Date: 27 November 2024 , 02:01
News ID: 11515

Four Barrick Gold employees detained in Mali

me-metals: Four employees from Barrick Gold’s (NYSE: GOLD) (TSX: ABX) Loulo-Gounkoto mining complex have been detained in Mali as the military-led government intensifies efforts to impose additional taxes on mining companies.

According to me-metals cited from mining.com, Discussions between Barrick and Malian authorities on implementing new regulations at Loulo-Gounkoto — one of the African nation’s largest gold mines — have been ongoing for months.

Sources cited by Reuters reported that Mali is seeking around $500 million in unpaid taxes from Barrick as the government aims to increase revenue from the mining sector.

“While Barrick refutes these charges, it said it would continue to engage with the Malian government to find an amicable dispute settlement that would ensure the long-term sustainability of the complex,” the company said in a press release.

Barrick CEO Mark Bristow said that since September 30, the company had been actively seeking to finalize a Memorandum of Agreement that would guide Barrick’s partnership with the government in future, including “the state’s share of the economic benefits generated by the complex” and “the legal framework under which this would be managed,”

“Our attempts to find a mutually acceptable resolution have so far been unsuccessful, but we remain committed to engage with the government in order to resolve all the claims levied against the company and its employees and secure the early release of our unjustly imprisoned colleagues,” he said.

Four Barrick employees had been arrested in October already.

Last week, Resolute Mining Ltd.
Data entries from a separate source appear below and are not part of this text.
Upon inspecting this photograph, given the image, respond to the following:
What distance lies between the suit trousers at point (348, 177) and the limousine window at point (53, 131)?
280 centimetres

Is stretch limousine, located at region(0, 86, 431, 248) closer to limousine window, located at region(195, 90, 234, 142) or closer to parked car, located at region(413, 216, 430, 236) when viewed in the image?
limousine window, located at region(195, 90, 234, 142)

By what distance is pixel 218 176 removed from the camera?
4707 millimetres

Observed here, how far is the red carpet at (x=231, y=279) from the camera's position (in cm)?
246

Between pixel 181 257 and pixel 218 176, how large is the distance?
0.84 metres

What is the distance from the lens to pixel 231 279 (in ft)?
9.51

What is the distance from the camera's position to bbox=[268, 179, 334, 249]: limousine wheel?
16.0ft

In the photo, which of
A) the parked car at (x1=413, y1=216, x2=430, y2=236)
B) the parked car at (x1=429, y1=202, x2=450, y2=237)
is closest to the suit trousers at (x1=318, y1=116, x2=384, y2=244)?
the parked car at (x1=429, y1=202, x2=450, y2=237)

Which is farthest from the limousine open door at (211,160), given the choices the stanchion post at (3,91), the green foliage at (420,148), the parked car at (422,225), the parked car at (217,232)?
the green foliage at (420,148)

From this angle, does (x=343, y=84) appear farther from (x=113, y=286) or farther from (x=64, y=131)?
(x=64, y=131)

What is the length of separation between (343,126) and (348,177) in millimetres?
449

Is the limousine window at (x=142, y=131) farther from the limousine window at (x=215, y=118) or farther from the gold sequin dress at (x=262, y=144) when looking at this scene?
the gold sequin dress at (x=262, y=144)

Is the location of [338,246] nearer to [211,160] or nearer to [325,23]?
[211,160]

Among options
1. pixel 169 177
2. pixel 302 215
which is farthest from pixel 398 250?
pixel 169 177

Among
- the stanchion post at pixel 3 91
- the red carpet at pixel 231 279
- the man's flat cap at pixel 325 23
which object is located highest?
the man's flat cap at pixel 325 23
CEO Terry Holohan and two other employees were released from detention in Mali, just days after the gold mining company agreed to pay about $160 million to resolve a tax dispute with the government.

Mali is one of Africa’s top gold producers, and the detention of foreign officials is becoming a pattern as the government seeks to extract more income from the sector.

The country has been under military rule since 2020, when interim leader Colonel Assimi Goita ousted the West African nation’s elected president, citing the previous regime’s failure to repel the Islamist insurgents.

Since then, mercenaries from the Kremlin-backed Wagner Group have been deployed to the country, while European forces and a United Nations peacekeeping mission were forced to withdraw.

Hit by sanctions and cut off from Western aid, authorities have pursued both Resolute and Barrick Gold for allegedly unpaid taxes. 

Shares of Barrick fell 0.7% by 12:10 p.m. EDT. The miner has a market capitalization of C$42.89 billion ($30.46 billion).